TASK OBJECTIVE:
Please output the data below exactly as given, starting at its first line and stopping after the line that contains "Buddha Stones 999".

Short web captions
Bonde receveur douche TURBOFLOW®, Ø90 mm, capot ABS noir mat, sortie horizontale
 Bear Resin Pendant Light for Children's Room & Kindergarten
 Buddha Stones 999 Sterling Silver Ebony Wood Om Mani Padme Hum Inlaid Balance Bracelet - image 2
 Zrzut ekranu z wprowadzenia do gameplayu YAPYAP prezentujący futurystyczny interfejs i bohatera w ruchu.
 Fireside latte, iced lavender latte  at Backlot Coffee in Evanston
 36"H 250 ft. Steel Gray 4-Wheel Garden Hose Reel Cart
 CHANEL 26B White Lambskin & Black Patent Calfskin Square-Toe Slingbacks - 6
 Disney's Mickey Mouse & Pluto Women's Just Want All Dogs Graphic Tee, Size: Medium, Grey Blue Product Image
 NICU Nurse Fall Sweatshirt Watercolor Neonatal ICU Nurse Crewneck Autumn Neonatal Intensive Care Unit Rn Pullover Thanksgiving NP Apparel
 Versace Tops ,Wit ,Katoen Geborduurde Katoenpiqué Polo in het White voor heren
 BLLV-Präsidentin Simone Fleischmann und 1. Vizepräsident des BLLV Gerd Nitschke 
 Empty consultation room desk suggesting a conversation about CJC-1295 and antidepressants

WRITTEN SOLUTION:
Bonde receveur douche TURBOFLOW®, Ø90 mm, capot ABS noir mat, sortie horizontale
 Bear Resin Pendant Light for Children's Room & Kindergarten
 Buddha Stones 999 Sterling Silver Ebony Wood Om Mani Padme Hum Inlaid Balance Bracelet - image 2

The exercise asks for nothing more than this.